2. Challenge their parents too. Perhaps this is just as important. Mobilizing Gen Z references Barna when explaining, “Career success and physical safety are the top concerns [of church-going parents]. Nearly half said, ‘I’d rather my child get a well-paying job than be a career missionary.’” In my experience in missions mobilization, I have seen first-hand that Christian parents are sometimes the biggest detriment to potential missionaries.
I also recently posted this one over at A Life Overseas:
The Hidden Super-Stars of Missions
I coach new missionaries as they prepare to go overseas. I’ve found I can often predict how quickly they’ll be able to raise support based on one crucial factor: whether they have an advocate who will come alongside them.
What do I mean by an advocate? Let me explain.
Raising support has got to be one of the most daunting experiences in any missionary’s life. So God’s called me to India, but I need you to fork over some cash so I can do it. Sound good? Awesome. What can I put you down for?
Let’s hope it doesn’t come out exactly like that, but it’s what missionaries dread. Raising financial partners has extraordinary joys, but it also comes with dark lows. It’s incredibly intimidating. Dozens – maybe hundreds – of friends ghosting their calls, emails that don’t get replies, events where no one shows up. It can be one of the most demoralizing experiences in a person’s life.
Who can turn that whole experience around? An advocate.
Lois was only a few weeks away from death when I visited her in a nursing home. Lois was a widow, and she supported our ministry in Tanzania at $200 a month as a widow. By the time I could visit her, she had developed cancer. I told her how grateful we were that she supported our family so generously for so many years.

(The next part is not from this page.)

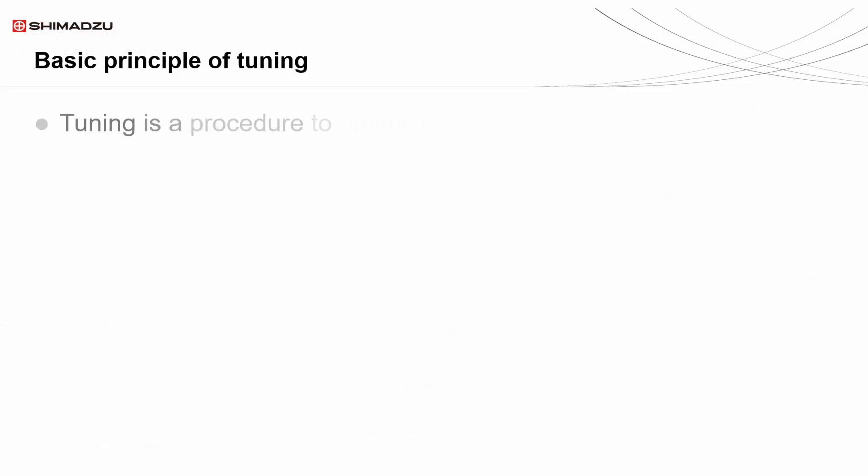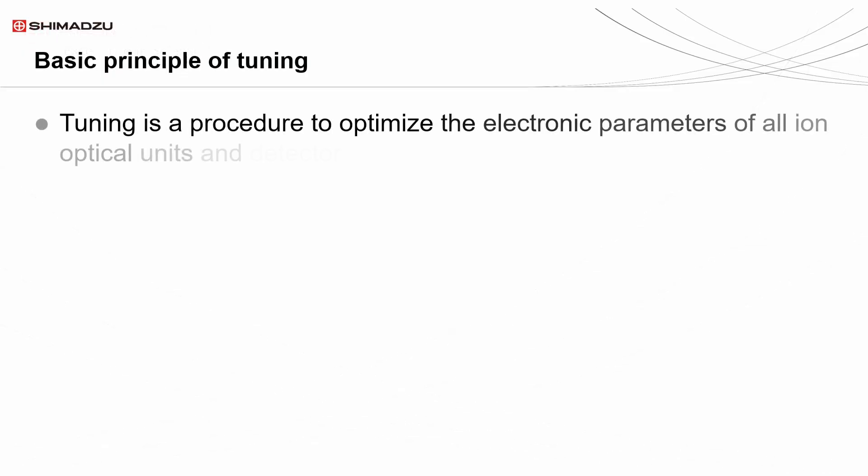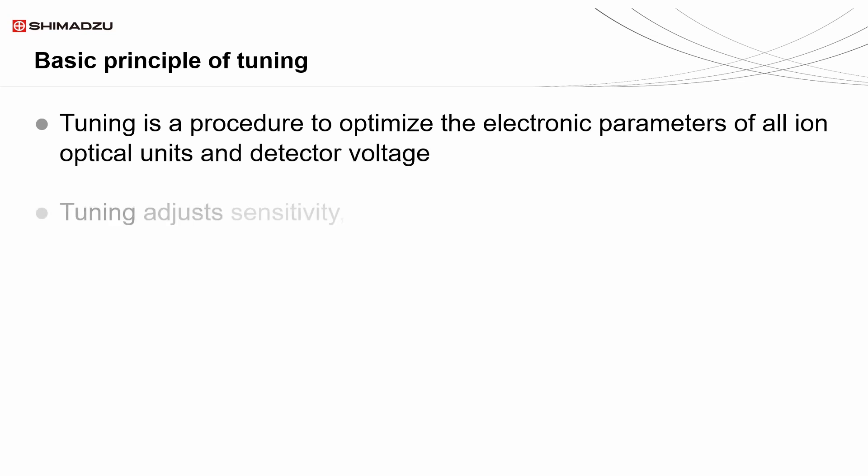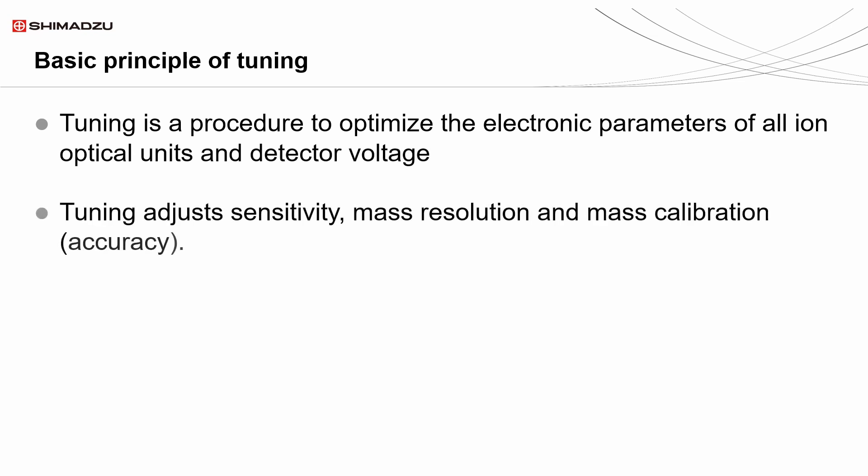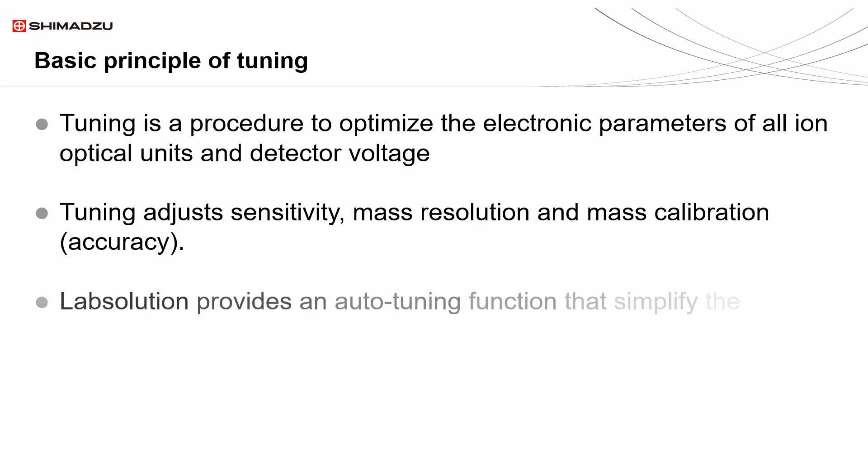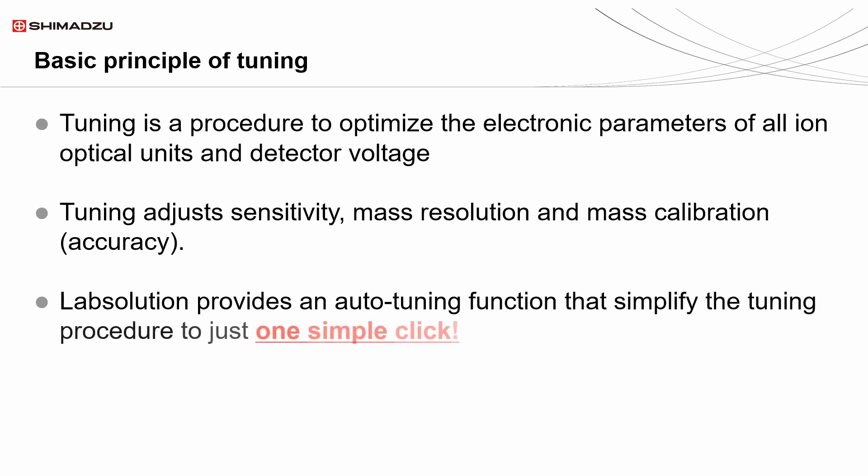Tuning is a procedure to optimize all the electronic parameters within the mass spectrometry system. Through tuning, mass spectrometry will be optimized to achieve mass accuracy, high sensitivity and resolution. LabSolution provides an auto-tuning function that simplifies the tuning procedure to just one simple click.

“It’s my pleasure,” she told me, her eyes bright with the energy her body lacked. “You know, I discussed this with my kids. They agreed that they didn’t need a big inheritance. They are okay with me giving away my money to missionaries.” I sat there dumbfounded, tears in my eyes.
In Tanzania, we attended a church where we were often the only non-Africans present. One Sunday, the preacher spoke passionately about God’s call to cross-cultural missions. Afterward, an African woman I had never met approached me. She smiled and said, “Thank you for serving as missionaries!” She handed me an envelope containing about $75 – a considerable amount for many Tanzanians. My eyes gaped. My mouth gaped. I’m sure I looked like a codfish. All I could think was, She probably needs this more than I do. Yet I knew it would insult her to refuse, so I sputtered out my thanks and hugged her.
Our mission organization keeps a database of every donation we’ve received since we first moved overseas in 2001. Sometimes I look at the cumulative totals our donors have given us, some going back 20 years. They could have gone on a nice vacation with that money, I think to myself. Maybe an Alaskan cruise. That family could have remodeled their kitchen or bought a car with these donations. And in one case, They could have bought another house with that money. Not kidding. A whole house.